Bond prices have weakened as a growing number of investors expect higher yields, despite 28 April comments by U.S. Federal Reserve chair Jerome Powell that the Fed has no plans to throttle back its monthly rate of bond purchases.
“It is not time yet,” he said in comments quoted by the Financial Times. “Economic activity and hiring have just recently picked up. It will take some time before we see substantial further progress.”
The Fed has vowed to hold interest rates steady near zero through 2023.
However, reaffirming our forecast, eurodollar futures – a barometer of expectations around interest-rate changes – hint that investors foresee central banks raising rates early in 2023, with at least two additional hikes before April 2024.

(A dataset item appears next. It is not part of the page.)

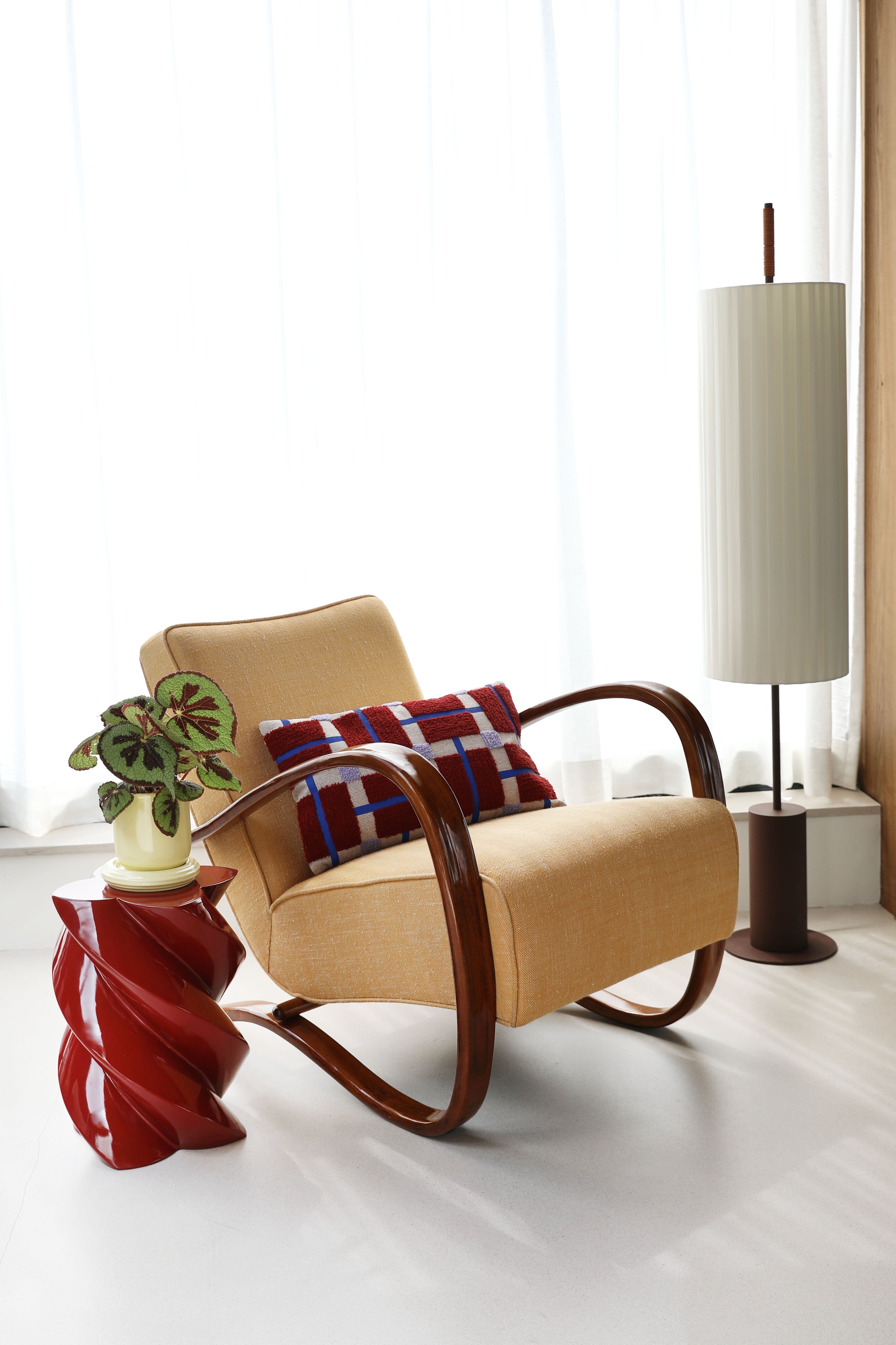 MARSHMALLOW side table in burgundy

Powell’s words sparked a brief rally that quickly faded.
The continuing price slide indicates that the Fed will struggle to keep interest rates low as the world’s economy recovers and prices for goods and services rise, many analysts contend.
With the U.S. economy growing faster than 6 percent, investors are questioning the wisdom of parking their money in bonds with low, fixed yields.
“Pressure will start to build around the [Fed’s] June meeting for tapering talk” to get underway, Invesco portfolio manager Noelle Corum told the FT.
“Tapering” is shorthand for the Fed reducing its monthly bond purchases, which will be clearly signaled by the central bank far in advance of any such action to give markets a long lead time to adjust to the Fed’s shrinking presence, Powell and other Fed officials have said repeatedly.
TREND FORECAST: While the Fed has vowed to hold interest rates near zero through 2023, as per Janet Yellen’s warning today of rising inflation, we forecast that as the Biden Bounce economy booms and inflation spikes higher, interest rates may move higher this year.